When you are struggling to scale a mountain of debt and the high street banks have all but turned their backs on you, there a generally three options available to you. A instant cash loan may be suggested to you at first, but because of the recent bad media attention you may be dissuaded. If you can obtain a consolidation loan, that may seem like a reasonable option at first, but there are pitfalls. And then there is the IVA (individual voluntary agreement), which can seem like an ideal solution in the short term, but the long-term effects for your credit rating could be devastating.
Firstly, you have the option of the debt consolidation loan. Up front, this looks like a reasonable solution. Take all of your debts, which you will owe to several creditors taken out at different times with differing balances due to each account, wrap them all up in one convenient payment to one creditor.
However, the older your debt, you may find it has a smaller interest rate than the new consolidation loan you are being offered. In real terms, you will be paying back more for those existing balances with lower APRs than the consolidation loan you are taking out. This could be due, in part, to the fact that your interest rate is calculated on our creditworthiness. If you have a proven history of defaulting on payments to your credit card, mortgage or other loan, your new APR will reflect that.
This is a long way around doing it, but call around each one of the companies to whom you owe money and ask them how much is left to pay on the loan – the amount you will end up paying, not the balance – and take that into account when totting up what you will actually have to pay back on your single, new loan. You may well find that you are paying back, in the long term, a lot more than with the individual loans with certain conditions.
And that ‘long-term’ could mean a lot longer than you have left on one, some or all of your existing debts. If you were looking forward to a period when you would be free of one of those debts, you will sacrifice that by lumping that balance in with a new consolidation debt.

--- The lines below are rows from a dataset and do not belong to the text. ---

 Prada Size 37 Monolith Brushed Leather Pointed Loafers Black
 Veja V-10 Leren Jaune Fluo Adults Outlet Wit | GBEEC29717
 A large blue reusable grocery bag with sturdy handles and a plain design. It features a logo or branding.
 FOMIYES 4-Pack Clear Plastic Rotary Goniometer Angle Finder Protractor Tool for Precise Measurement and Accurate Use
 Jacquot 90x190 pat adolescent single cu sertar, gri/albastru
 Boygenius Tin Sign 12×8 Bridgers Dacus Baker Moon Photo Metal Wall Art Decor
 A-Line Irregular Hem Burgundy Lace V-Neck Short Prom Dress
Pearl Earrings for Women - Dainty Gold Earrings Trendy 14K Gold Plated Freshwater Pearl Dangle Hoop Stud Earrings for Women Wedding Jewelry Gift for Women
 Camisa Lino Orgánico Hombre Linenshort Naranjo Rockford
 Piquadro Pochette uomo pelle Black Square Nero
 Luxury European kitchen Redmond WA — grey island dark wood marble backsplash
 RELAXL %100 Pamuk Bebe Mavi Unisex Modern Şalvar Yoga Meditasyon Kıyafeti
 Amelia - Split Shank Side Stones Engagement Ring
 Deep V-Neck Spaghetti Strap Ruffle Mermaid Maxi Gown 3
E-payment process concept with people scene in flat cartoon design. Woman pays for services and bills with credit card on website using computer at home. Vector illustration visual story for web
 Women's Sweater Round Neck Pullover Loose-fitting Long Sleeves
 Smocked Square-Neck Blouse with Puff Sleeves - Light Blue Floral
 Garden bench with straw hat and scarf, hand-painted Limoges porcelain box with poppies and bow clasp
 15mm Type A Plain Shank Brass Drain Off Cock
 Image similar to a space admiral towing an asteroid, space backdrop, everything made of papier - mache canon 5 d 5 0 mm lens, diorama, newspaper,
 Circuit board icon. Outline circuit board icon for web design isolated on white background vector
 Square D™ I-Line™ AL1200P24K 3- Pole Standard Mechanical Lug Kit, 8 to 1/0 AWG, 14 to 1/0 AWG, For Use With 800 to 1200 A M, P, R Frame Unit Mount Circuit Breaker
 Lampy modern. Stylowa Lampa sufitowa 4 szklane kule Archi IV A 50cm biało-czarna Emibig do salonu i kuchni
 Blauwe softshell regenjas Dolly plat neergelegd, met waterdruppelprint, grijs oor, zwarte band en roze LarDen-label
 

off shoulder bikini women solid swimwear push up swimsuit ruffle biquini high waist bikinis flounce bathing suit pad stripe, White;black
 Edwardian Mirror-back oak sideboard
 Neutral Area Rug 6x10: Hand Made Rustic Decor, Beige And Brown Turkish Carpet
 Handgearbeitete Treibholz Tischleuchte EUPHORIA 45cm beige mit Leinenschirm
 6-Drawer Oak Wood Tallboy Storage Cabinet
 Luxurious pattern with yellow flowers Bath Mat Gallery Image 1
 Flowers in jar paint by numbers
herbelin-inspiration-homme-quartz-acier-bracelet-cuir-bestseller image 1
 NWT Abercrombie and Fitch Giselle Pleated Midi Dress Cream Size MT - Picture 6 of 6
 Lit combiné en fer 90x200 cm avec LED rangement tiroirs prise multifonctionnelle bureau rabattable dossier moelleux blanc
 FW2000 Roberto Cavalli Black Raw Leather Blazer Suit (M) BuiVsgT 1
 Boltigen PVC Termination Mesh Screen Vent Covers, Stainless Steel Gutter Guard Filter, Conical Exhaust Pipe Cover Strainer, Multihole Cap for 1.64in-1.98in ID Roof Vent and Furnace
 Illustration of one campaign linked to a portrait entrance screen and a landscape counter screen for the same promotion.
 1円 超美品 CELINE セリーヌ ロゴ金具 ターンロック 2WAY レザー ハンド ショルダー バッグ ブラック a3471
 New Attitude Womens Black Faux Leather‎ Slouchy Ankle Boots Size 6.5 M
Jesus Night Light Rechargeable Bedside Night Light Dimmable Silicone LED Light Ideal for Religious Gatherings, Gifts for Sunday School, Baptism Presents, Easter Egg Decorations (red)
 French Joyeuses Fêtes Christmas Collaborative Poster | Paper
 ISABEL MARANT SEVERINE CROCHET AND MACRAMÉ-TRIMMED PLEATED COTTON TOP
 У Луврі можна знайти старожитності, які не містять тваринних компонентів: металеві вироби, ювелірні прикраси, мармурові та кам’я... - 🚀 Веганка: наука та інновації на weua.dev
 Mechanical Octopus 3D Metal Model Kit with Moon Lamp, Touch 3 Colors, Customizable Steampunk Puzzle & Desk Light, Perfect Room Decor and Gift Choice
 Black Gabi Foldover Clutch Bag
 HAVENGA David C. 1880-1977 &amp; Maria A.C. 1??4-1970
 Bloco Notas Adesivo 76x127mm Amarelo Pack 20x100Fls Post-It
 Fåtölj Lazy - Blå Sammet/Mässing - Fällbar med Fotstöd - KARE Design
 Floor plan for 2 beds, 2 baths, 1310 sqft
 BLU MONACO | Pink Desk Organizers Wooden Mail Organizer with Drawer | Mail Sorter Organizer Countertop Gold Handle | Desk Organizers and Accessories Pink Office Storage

It should also go without saying that discipline has to be a strong point for you. Once the other debts are paid off, you will suddenly find overdrafts, store accounts and credit cards available to you again, as you will (should!) have paid off all of those with the consolidation loan (some banks may insist on doing that in their presence, once they issue the funds). Under no circumstances be tempted to lend against those cleared lending facilities – it is more difficult than you think when you are budgeting to pay back the consolidation loan.